Freaky is the story of a shy high school girl named Millie (Kathryn Newton), who when attacked by a serial killer (Vince Vaughn) using an ancient Aztec knife, a strange curse makes the two characters switch bodies. Thus Millie as the serial killer must try and prove she’s innocent or else to find a way to switch back to her body, before the serial killer wreaks carnage using his new disguise.
The title and subsequent in-movie text fonts and color-schemes are clearly making references to Freaky Friday (1976) and Friday the 13th (1980), no doubt the filmmakers would have liked to call their film Freaky Friday the 13th as an homage to both of their source materials (in fact that was the original title of the film before it was changed for unknown reasons). Landon certainly indulges in more direct references to his inspirations than in the Death Day films, making obvious nods to Jason Voorhees with his serial killer wearing a hockey mask, or to Halloween (1978) with certain kills and even the use of a celebrity Halloween mask on the killer. These nods prove to be fun to a certain extent, but after a while you realize that Landon is not so much satirizing these genre flicks as he is copying them.
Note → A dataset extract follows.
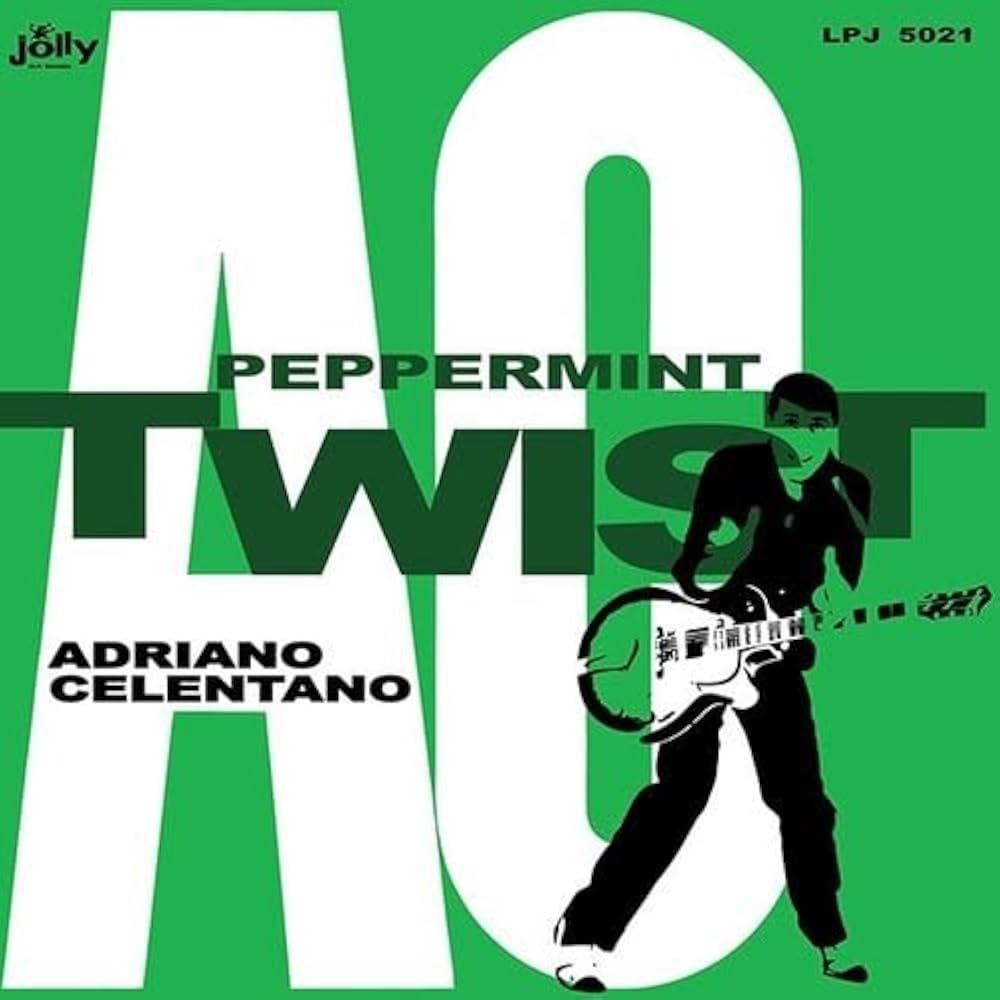 Copertina Adriano Celentano Peppermint Twist Jolly Records - sfondo verde brillante con iniziali AC bianche giganti, scritta Peppermint Twist in verde scuro, silhouette Celentano con chitarra bianca, logo Jolly in alto a sinistra, catalogo LPJ 5021 in alto a destra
Freaky does attempt to set its filmic world in modern times, using a more tongue-in-cheek tone, and including a more diverse array of characters than slashers usually do. However, the comedic elements seem to be slightly restricted by the fact that the body-swap genre doesn’t mix as intriguingly with the slasher as the time loop did. Happy Death Day was enhanced by having our character die at the hands of our killer multiple times before she pieces the mystery together, always waking up at the start of the same day. In Freaky the genre mash seems to restrict our characters and potentially original situations. Instead, Landon gets hung up on stale character development regarding Millie’s dead father, which is so poorly written, the dialogue feels written by a robot.
Landon’s forte has never been in providing an emotional dimension to his stories. The romance in Happy Death Day was not very believable and yet viewers went along with it thanks to the fun aspects of the rest of the film. In Freaky the more entertaining aspects come only in short-spurts before the pace is ground to a halt as Landon attempts to craft character moments. The result is a rather slow film to watch, which sticks close to tired tropes of its genres instead of ridiculing them as viewers would want.
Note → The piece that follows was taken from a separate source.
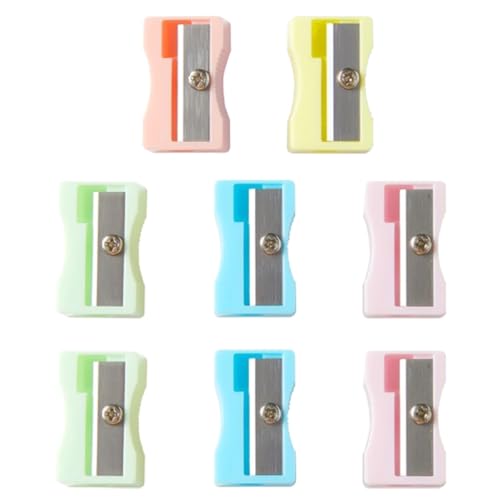Fc'Noqgn Sacapuntas Mini 8 unid - Diseño Cuadrado, Colores Pastel, Cuchilla de Acero INOX para afilar Suavemente, Compacto y portátil para Escuela y Materiales artísticos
The film is able to cast two great performers for the body-switching roles. Kathryn Newton gets her most high-profile role yet, after bit parts in Big Little Lies (2017-2019) and Pokémon Detective Pikachu (2019). I’m glad to see that the young American actress has more range and capabilities to share onscreen and I look forward to seeing further work from her. She was certainly able to sell the shyness of her character at first and then embody the cool indifference of the killer. Vince Vaughn was also incredible, proving to be the essential comedic element when he has to perform as Millie. Vaughn committed himself surprisingly to the role, proving that he is capable of more other than his signature deadpan delivery. I would wager to say that this role is perhaps the best comedic acting from Vaughn in his career.
In the end, Landon’s twist and mixes of genres stumbles with Freaky. His concept is original enough, but he isn’t able to expand or connect the strengths of each genre or propose comedic commentary as he did with Happy Death Day. The result is a slightly more predictable and slower film, which is slightly enhanced by some strong leads.